▶ Exercise prompt: Can you retype only the lines from the one with "The Olympic rings" through the final line of the material, exactly as given?

--- The data ---

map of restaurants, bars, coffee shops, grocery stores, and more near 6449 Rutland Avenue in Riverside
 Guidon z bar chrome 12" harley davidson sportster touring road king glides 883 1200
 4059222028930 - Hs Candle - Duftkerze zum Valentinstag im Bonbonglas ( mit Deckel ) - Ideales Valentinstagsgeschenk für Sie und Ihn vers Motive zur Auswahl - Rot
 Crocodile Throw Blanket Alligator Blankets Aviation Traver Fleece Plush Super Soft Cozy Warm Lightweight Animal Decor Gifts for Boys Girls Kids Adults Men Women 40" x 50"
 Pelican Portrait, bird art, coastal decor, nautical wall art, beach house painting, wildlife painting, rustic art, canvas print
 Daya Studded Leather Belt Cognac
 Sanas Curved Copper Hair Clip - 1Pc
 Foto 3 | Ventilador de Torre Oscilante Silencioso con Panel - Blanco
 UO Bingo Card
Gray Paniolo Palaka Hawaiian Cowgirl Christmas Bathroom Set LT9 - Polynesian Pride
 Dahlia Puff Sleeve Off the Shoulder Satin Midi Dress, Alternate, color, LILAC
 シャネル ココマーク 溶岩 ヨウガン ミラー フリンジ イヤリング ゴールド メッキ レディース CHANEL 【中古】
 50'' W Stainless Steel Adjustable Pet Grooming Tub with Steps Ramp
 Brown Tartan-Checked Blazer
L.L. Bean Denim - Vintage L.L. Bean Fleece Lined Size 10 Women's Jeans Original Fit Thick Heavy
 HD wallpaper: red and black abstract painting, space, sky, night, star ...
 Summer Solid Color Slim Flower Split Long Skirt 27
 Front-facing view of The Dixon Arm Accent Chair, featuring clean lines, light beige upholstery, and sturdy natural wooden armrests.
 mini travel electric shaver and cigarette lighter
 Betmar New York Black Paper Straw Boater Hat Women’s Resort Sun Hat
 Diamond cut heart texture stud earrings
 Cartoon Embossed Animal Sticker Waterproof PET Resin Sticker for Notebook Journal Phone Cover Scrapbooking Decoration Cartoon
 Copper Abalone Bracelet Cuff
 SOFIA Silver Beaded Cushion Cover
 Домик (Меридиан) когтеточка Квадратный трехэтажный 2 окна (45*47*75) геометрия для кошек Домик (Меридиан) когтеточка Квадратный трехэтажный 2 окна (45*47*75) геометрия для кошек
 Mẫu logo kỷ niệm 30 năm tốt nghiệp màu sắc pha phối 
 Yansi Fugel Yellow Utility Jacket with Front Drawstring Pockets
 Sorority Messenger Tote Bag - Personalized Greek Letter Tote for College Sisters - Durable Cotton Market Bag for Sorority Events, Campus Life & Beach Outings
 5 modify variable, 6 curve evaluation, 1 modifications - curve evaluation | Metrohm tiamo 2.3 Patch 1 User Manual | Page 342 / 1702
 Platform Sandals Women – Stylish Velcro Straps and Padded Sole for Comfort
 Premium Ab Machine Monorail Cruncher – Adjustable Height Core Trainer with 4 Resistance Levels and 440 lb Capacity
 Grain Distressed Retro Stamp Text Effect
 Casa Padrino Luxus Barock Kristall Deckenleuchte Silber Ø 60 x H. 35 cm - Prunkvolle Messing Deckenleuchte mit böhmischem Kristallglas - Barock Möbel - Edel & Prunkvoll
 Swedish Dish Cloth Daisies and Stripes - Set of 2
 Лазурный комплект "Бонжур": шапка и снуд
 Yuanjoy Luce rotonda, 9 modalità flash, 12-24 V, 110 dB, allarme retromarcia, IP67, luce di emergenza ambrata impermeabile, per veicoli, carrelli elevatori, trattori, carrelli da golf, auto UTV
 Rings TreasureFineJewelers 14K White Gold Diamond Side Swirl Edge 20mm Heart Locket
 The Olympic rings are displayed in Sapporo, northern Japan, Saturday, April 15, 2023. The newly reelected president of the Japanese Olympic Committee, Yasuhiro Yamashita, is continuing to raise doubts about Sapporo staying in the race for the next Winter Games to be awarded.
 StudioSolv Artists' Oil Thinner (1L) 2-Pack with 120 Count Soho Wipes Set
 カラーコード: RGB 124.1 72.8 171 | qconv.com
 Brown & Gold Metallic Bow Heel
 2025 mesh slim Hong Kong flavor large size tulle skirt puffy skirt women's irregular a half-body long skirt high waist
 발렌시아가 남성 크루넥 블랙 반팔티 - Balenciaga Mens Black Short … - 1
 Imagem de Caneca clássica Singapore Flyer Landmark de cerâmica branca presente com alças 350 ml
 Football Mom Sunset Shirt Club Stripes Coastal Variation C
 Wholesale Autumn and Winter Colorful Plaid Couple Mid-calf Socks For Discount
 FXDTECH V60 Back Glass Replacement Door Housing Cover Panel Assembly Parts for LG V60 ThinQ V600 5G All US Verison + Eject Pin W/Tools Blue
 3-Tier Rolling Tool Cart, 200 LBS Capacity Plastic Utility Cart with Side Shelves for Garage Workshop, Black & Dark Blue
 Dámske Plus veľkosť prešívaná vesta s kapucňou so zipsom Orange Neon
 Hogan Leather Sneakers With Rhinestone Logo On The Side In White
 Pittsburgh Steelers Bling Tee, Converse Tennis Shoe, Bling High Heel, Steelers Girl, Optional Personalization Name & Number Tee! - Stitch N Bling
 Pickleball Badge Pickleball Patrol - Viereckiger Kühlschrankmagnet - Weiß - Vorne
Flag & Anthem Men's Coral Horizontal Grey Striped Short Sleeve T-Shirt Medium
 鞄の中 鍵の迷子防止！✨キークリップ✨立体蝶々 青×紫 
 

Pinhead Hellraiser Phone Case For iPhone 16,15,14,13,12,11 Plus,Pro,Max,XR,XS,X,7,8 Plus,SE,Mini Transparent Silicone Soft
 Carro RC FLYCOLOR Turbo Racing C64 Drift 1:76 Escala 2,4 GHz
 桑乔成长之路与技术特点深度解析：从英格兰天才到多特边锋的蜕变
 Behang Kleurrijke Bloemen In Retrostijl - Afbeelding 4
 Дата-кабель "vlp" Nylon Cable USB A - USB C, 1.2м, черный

---

▶ Reply to the exercise:
 The Olympic rings are displayed in Sapporo, northern Japan, Saturday, April 15, 2023. The newly reelected president of the Japanese Olympic Committee, Yasuhiro Yamashita, is continuing to raise doubts about Sapporo staying in the race for the next Winter Games to be awarded.
 StudioSolv Artists' Oil Thinner (1L) 2-Pack with 120 Count Soho Wipes Set
 カラーコード: RGB 124.1 72.8 171 | qconv.com
 Brown & Gold Metallic Bow Heel
 2025 mesh slim Hong Kong flavor large size tulle skirt puffy skirt women's irregular a half-body long skirt high waist
 발렌시아가 남성 크루넥 블랙 반팔티 - Balenciaga Mens Black Short … - 1
 Imagem de Caneca clássica Singapore Flyer Landmark de cerâmica branca presente com alças 350 ml
 Football Mom Sunset Shirt Club Stripes Coastal Variation C
 Wholesale Autumn and Winter Colorful Plaid Couple Mid-calf Socks For Discount
 FXDTECH V60 Back Glass Replacement Door Housing Cover Panel Assembly Parts for LG V60 ThinQ V600 5G All US Verison + Eject Pin W/Tools Blue
 3-Tier Rolling Tool Cart, 200 LBS Capacity Plastic Utility Cart with Side Shelves for Garage Workshop, Black & Dark Blue
 Dámske Plus veľkosť prešívaná vesta s kapucňou so zipsom Orange Neon
 Hogan Leather Sneakers With Rhinestone Logo On The Side In White
 Pittsburgh Steelers Bling Tee, Converse Tennis Shoe, Bling High Heel, Steelers Girl, Optional Personalization Name & Number Tee! - Stitch N Bling
 Pickleball Badge Pickleball Patrol - Viereckiger Kühlschrankmagnet - Weiß - Vorne
Flag & Anthem Men's Coral Horizontal Grey Striped Short Sleeve T-Shirt Medium
 鞄の中 鍵の迷子防止！✨キークリップ✨立体蝶々 青×紫 
 

Pinhead Hellraiser Phone Case For iPhone 16,15,14,13,12,11 Plus,Pro,Max,XR,XS,X,7,8 Plus,SE,Mini Transparent Silicone Soft
 Carro RC FLYCOLOR Turbo Racing C64 Drift 1:76 Escala 2,4 GHz
 桑乔成长之路与技术特点深度解析：从英格兰天才到多特边锋的蜕变
 Behang Kleurrijke Bloemen In Retrostijl - Afbeelding 4
 Дата-кабель "vlp" Nylon Cable USB A - USB C, 1.2м, черный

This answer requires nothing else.